- Exercise data -
----------------

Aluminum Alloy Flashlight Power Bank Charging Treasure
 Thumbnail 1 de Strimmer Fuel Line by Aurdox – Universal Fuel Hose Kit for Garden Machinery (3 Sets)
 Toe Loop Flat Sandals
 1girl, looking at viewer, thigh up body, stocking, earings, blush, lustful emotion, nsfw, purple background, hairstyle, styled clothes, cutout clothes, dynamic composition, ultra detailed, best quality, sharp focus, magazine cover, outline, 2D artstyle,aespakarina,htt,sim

----------------

- About this task -
Please output the entire listing exactly as it stands.

- Result of the task -
Aluminum Alloy Flashlight Power Bank Charging Treasure
 Thumbnail 1 de Strimmer Fuel Line by Aurdox – Universal Fuel Hose Kit for Garden Machinery (3 Sets)
 Toe Loop Flat Sandals
 1girl, looking at viewer, thigh up body, stocking, earings, blush, lustful emotion, nsfw, purple background, hairstyle, styled clothes, cutout clothes, dynamic composition, ultra detailed, best quality, sharp focus, magazine cover, outline, 2D artstyle,aespakarina,htt,sim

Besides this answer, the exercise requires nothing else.